** TASK INSTRUCTIONS **
Your job is to reproduce all of the data exactly.

** DATA SHOWN **
┏━━
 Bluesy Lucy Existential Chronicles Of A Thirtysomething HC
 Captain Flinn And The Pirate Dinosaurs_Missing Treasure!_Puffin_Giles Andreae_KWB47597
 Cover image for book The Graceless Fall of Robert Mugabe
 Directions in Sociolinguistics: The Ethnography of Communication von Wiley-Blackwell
┗━━
** ANSWER TO THIS EXERCISE **
 Bluesy Lucy Existential Chronicles Of A Thirtysomething HC
 Captain Flinn And The Pirate Dinosaurs_Missing Treasure!_Puffin_Giles Andreae_KWB47597
 Cover image for book The Graceless Fall of Robert Mugabe
 Directions in Sociolinguistics: The Ethnography of Communication von Wiley-Blackwell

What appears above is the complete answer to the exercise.